This is fun. Make a piece of art and send it through USPS and it becomes part of an art show next year at Boise State University. Found object. A rock. Fancy envelopes. The idea is that the item is shipped without much packaging. Slap an address on it and pay the postage.

[photo from Fonda Portales]

From Boise State:

What is mail art? A profoundly democratic art form whose only requirement is that the art piece – whether it’s a collage, a brick wrapped in wrapping paper, a watercolored envelope with copious glitter, or a coconut slathered with stamps – is sent through the mail.

Boise State is hosting Postal Outliers, a mail art show early in 2021. The deadline to submit a piece is Nov. 1. Fonda Portales, an organizer of the exhibition and curator of the university’s art collection, shared the rules for the show: “no jury, no fees, no returns.”

In other words, anyone who submits a piece will be included. There’s no fee to submit a piece, and all the pieces in Postal Outliers will become part of the collection of the Boise State Special Collections Archive.

“My hope is that people feel this is open to them,” said Portales. “Mail art requires only a willingness for a bit of postal adventure.”

The roots of mail art lie in the post-World War I absurdist Dada movement and the experimental Fluxus movement of the 1960s and 1970s, said Portales. The Smithsonian recently hosted an exhibition, Pushing the Envelope: Mail Art from the Archives of American Art, with mail art selected from its archives.

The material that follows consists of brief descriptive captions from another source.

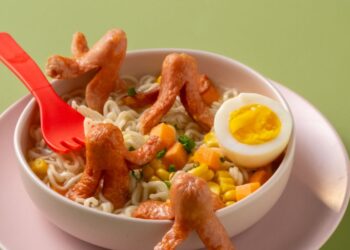 Dinner just got a whole lot more fun! Eskort Kiddos Flingas, Wim Wams, and Tonkies turn mealtime into a playful, protein-packed family feast. Photo: Supplied/Food For Mzansi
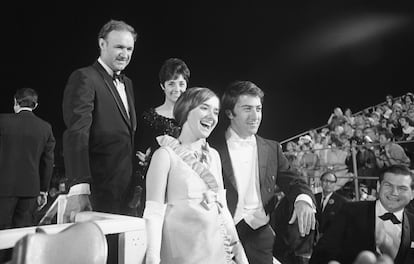 Dustin Hoffman y Gene Hackman en la gala de los Oscar de 1968. Ambos estaban nominados (por 'Bonnie & Clyde' y por 'El graduado'), pero ninguno gan. 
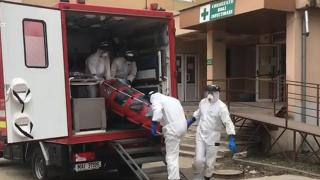 Medicii transportă un pacient de coronavirus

Submissions are already making their way to the Boise State mail box, said Portales. “One is the top of a computer laptop that someone in Vermont turned into a canvas. Another is a painted rock in an up-cycled fruit container.”

The exhibition also will include mail art pieces from the collection of Tom Trusky, the late Boise State professor, film historian and art collector.

Boise artist Debra Mulnick is co-organizing the exhibition with Portales. Mulnick has worked in the medium for a decade. Her home studio is festooned with mail art she’s received from Taiwan, from all over the European Union, from South Africa, Brazil and Russia.

Being a mail artist, she said, requires a leap of faith and some optimism. Mail art can get lost, wrecked, or returned-to-sender.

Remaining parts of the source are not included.